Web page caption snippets
_ _ _ _
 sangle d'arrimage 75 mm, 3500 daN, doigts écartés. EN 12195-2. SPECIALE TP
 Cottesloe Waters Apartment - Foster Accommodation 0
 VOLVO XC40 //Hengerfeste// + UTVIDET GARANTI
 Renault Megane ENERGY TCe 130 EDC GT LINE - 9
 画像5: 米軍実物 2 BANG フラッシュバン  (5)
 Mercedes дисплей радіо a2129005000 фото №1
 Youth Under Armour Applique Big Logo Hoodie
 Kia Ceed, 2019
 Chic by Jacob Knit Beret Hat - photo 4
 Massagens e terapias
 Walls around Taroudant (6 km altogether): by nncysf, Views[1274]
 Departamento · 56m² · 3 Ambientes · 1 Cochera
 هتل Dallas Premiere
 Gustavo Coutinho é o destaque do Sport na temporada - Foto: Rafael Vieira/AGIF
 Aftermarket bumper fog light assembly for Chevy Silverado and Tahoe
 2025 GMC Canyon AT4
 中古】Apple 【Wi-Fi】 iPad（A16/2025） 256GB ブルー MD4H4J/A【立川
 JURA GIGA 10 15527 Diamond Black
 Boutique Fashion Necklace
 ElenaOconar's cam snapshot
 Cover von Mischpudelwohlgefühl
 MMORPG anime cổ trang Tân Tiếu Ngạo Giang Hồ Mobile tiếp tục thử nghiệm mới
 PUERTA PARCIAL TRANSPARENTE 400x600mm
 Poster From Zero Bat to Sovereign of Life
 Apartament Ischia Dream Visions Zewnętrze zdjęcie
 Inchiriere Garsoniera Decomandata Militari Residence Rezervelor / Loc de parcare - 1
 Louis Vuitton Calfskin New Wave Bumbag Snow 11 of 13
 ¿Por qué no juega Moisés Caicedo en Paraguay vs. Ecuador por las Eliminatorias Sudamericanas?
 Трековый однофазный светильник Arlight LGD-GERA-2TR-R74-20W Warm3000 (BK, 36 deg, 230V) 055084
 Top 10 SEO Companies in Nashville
_ _ _ _
Retype the entries shown above. Keep every word exactly as it is.

 sangle d'arrimage 75 mm, 3500 daN, doigts écartés. EN 12195-2. SPECIALE TP
 Cottesloe Waters Apartment - Foster Accommodation 0
 VOLVO XC40 //Hengerfeste// + UTVIDET GARANTI
 Renault Megane ENERGY TCe 130 EDC GT LINE - 9
 画像5: 米軍実物 2 BANG フラッシュバン  (5)
 Mercedes дисплей радіо a2129005000 фото №1
 Youth Under Armour Applique Big Logo Hoodie
 Kia Ceed, 2019
 Chic by Jacob Knit Beret Hat - photo 4
 Massagens e terapias
 Walls around Taroudant (6 km altogether): by nncysf, Views[1274]
 Departamento · 56m² · 3 Ambientes · 1 Cochera
 هتل Dallas Premiere
 Gustavo Coutinho é o destaque do Sport na temporada - Foto: Rafael Vieira/AGIF
 Aftermarket bumper fog light assembly for Chevy Silverado and Tahoe
 2025 GMC Canyon AT4
 中古】Apple 【Wi-Fi】 iPad（A16/2025） 256GB ブルー MD4H4J/A【立川
 JURA GIGA 10 15527 Diamond Black
 Boutique Fashion Necklace
 ElenaOconar's cam snapshot
 Cover von Mischpudelwohlgefühl
 MMORPG anime cổ trang Tân Tiếu Ngạo Giang Hồ Mobile tiếp tục thử nghiệm mới
 PUERTA PARCIAL TRANSPARENTE 400x600mm
 Poster From Zero Bat to Sovereign of Life
 Apartament Ischia Dream Visions Zewnętrze zdjęcie
 Inchiriere Garsoniera Decomandata Militari Residence Rezervelor / Loc de parcare - 1
 Louis Vuitton Calfskin New Wave Bumbag Snow 11 of 13
 ¿Por qué no juega Moisés Caicedo en Paraguay vs. Ecuador por las Eliminatorias Sudamericanas?
 Трековый однофазный светильник Arlight LGD-GERA-2TR-R74-20W Warm3000 (BK, 36 deg, 230V) 055084
 Top 10 SEO Companies in Nashville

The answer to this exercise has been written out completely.